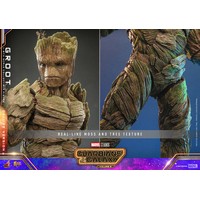 Marvel Groot (Deluxe Version) 1:6 Scale Figure Hot Toys 9123092 MMS707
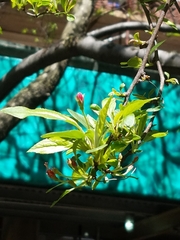 Pyrus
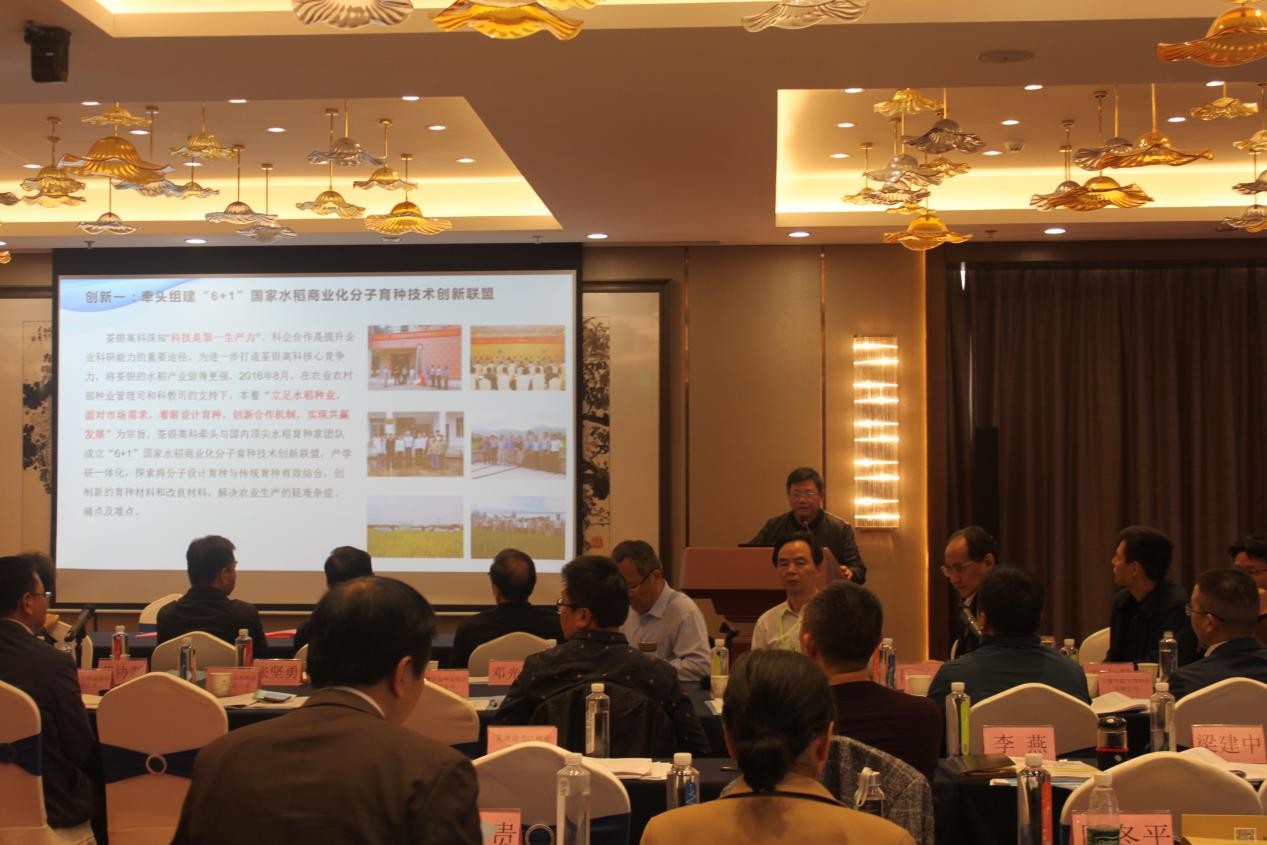 华人策略最新地址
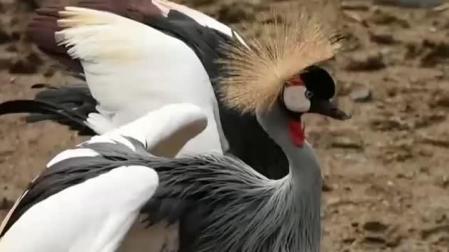Un pianista profesional para relajar a los animales en el zoo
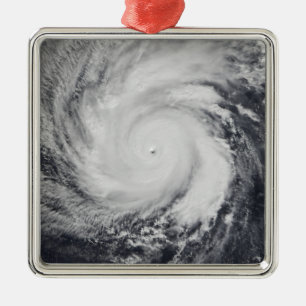 Ornement Métallique Le typhon Faxai dans l'ouest de l'océan Pacifique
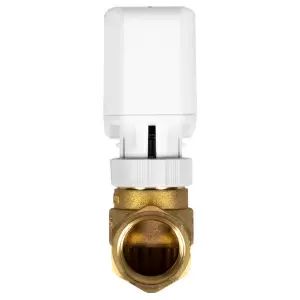 https://rkcdn.ru/products/47b26caa-3ee6-11ef-b8d9-00505601218a/src.jpg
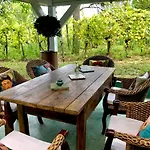 Bohemian Eco At Balaton 公寓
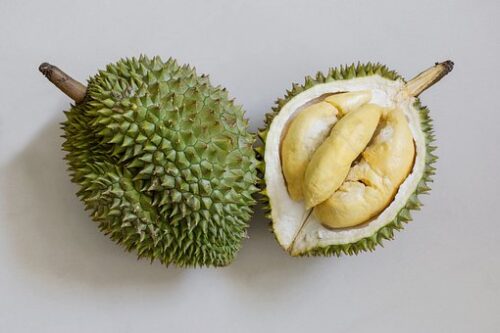 Quel est le nom de ce fruit dont l’odeur est tellement forte qu’il est interdit dans les transports en commun ou dans des hôtels en Thaïlande ? 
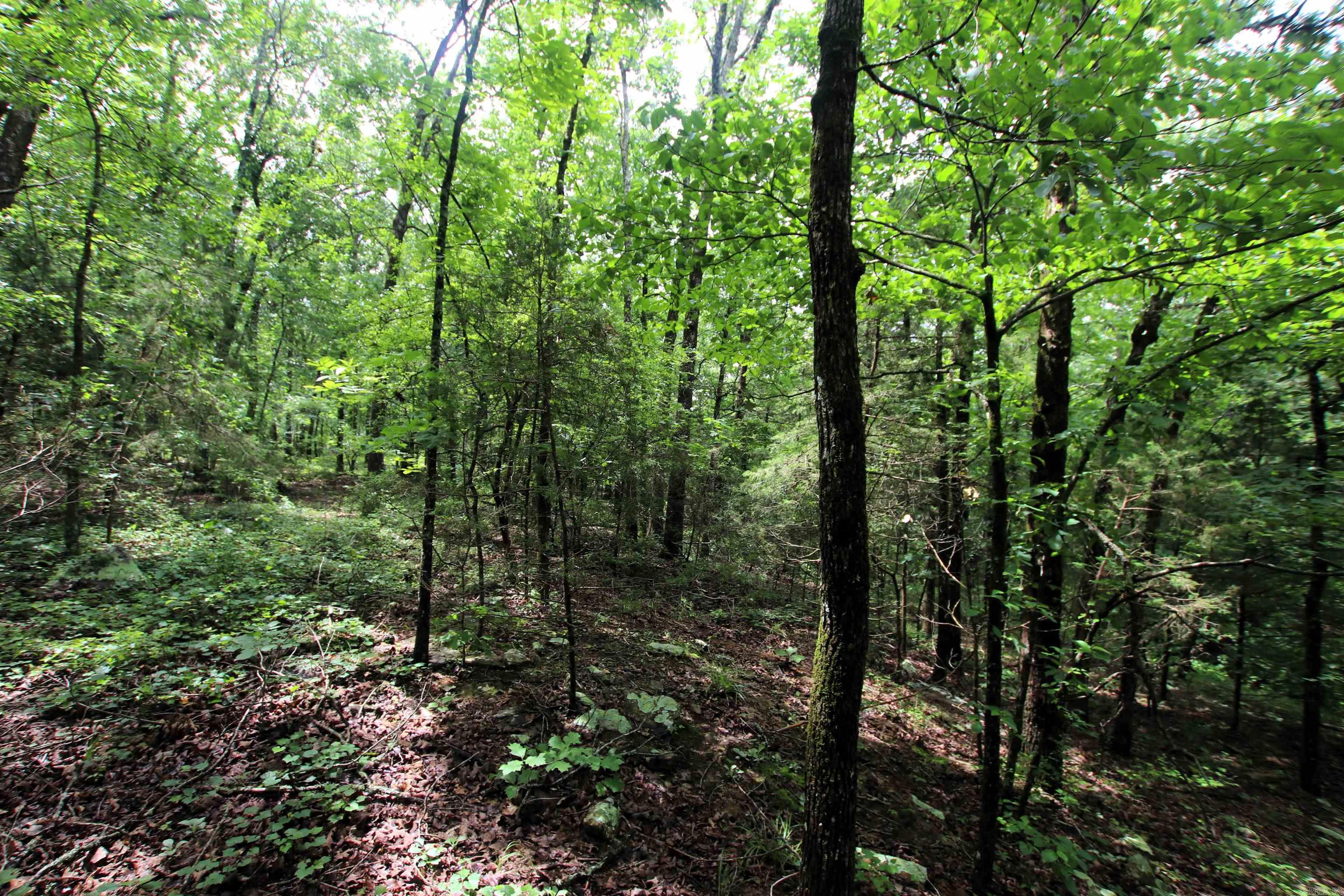 Not in Subdivision - Land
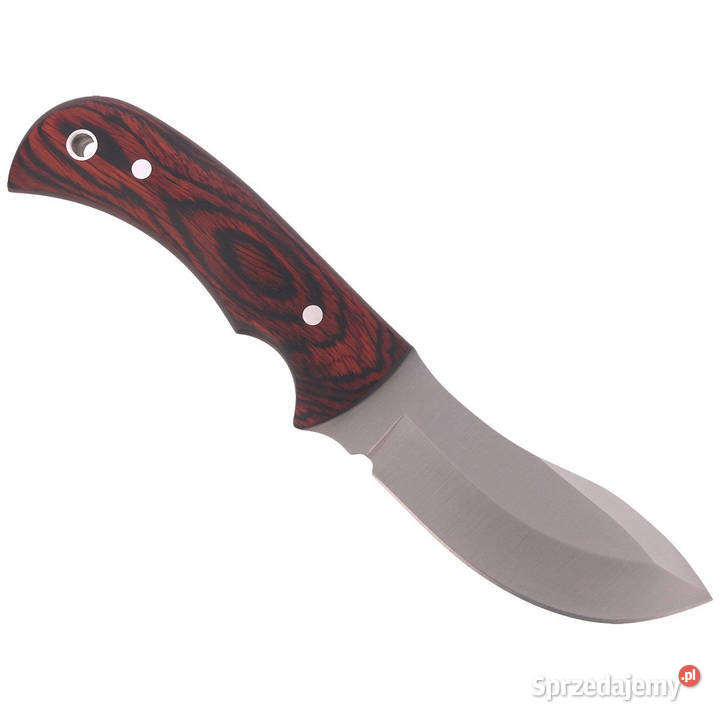 Nóż Muela Skinner Pakkawood Satin X50CrMoV15 Turystyka mazowieckie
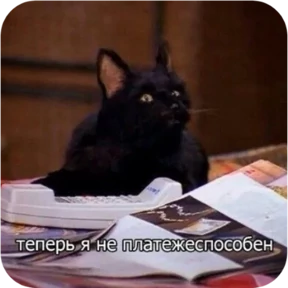 Котопак — стикер для MAX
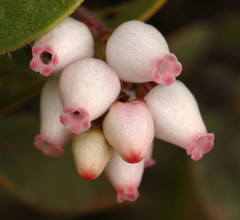 Arctostaphylos myrtifolia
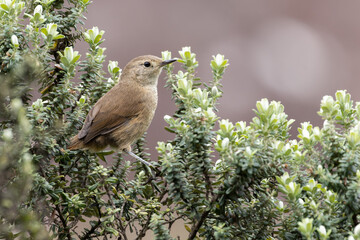 garrincha-chorona (Asthenes moreirae) 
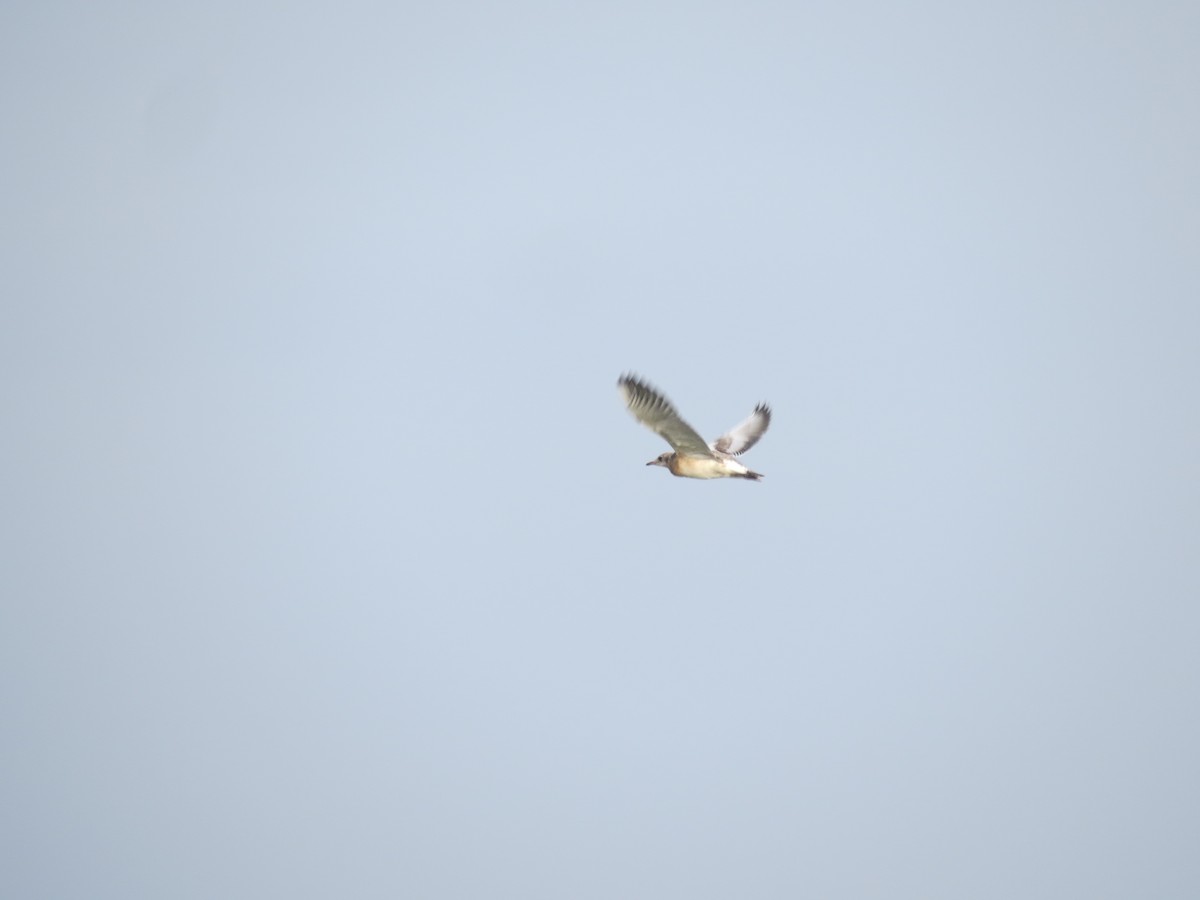 Black-headed Gull - ML638310720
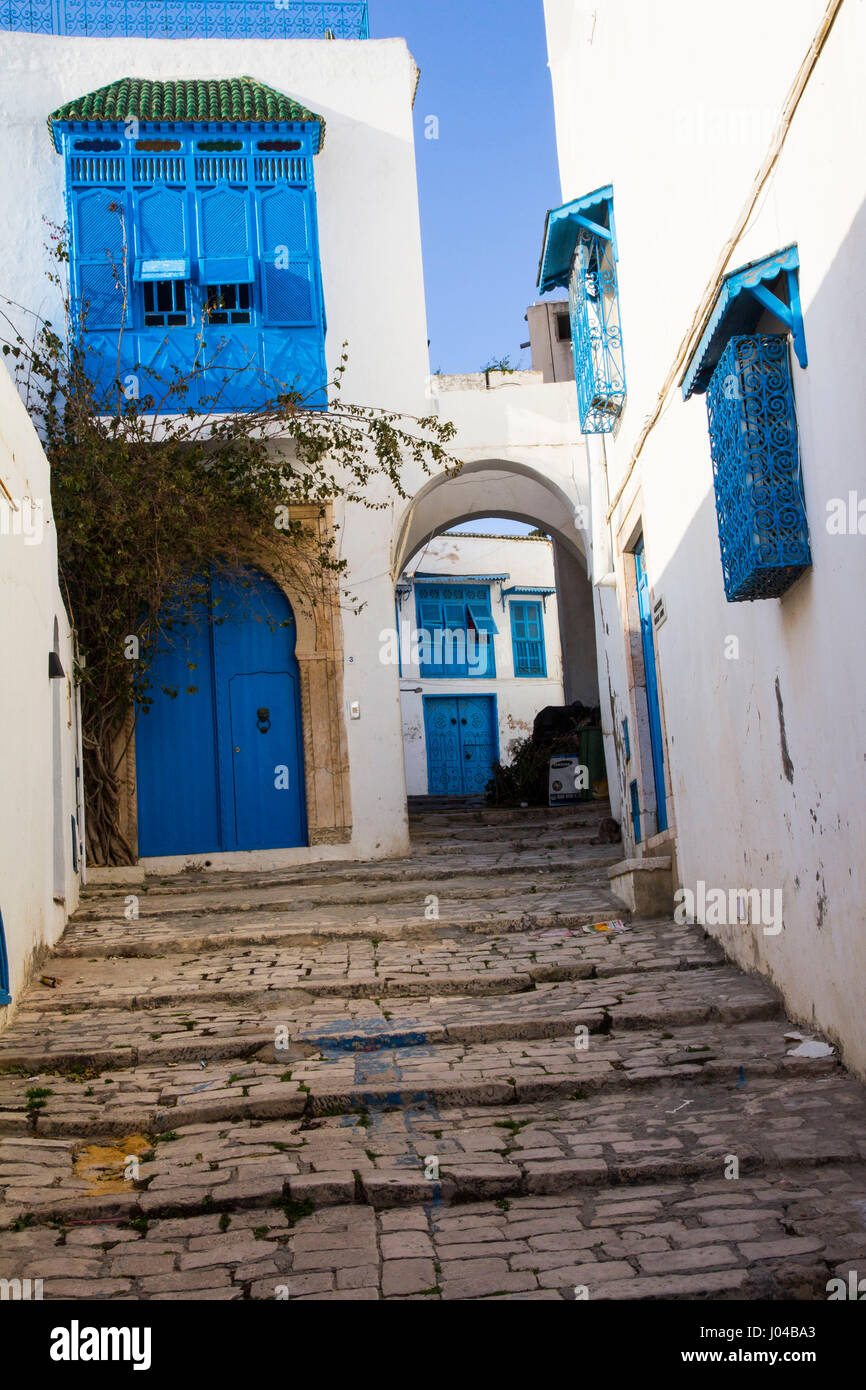 Tutto bianco con finiture blu, Moorish (o eventualmente Greco) ispirato cittadina collinare di Sidi Bou Said è una colonia di artisti e meta turistica molto tormentare solo n. Foto Stock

Task details: Each of the records above needs to be transcribed exactly, apart from its pictures.

Answer space:
 Marvel Groot (Deluxe Version) 1:6 Scale Figure Hot Toys 9123092 MMS707
 Pyrus
 华人策略最新地址
Un pianista profesional para relajar a los animales en el zoo
 Ornement Métallique Le typhon Faxai dans l'ouest de l'océan Pacifique
 https://rkcdn.ru/products/47b26caa-3ee6-11ef-b8d9-00505601218a/src.jpg
 Bohemian Eco At Balaton 公寓
 Quel est le nom de ce fruit dont l’odeur est tellement forte qu’il est interdit dans les transports en commun ou dans des hôtels en Thaïlande ? 
 Not in Subdivision - Land
 Nóż Muela Skinner Pakkawood Satin X50CrMoV15 Turystyka mazowieckie
 Котопак — стикер для MAX
 Arctostaphylos myrtifolia
 garrincha-chorona (Asthenes moreirae) 
 Black-headed Gull - ML638310720
 Tutto bianco con finiture blu, Moorish (o eventualmente Greco) ispirato cittadina collinare di Sidi Bou Said è una colonia di artisti e meta turistica molto tormentare solo n. Foto Stock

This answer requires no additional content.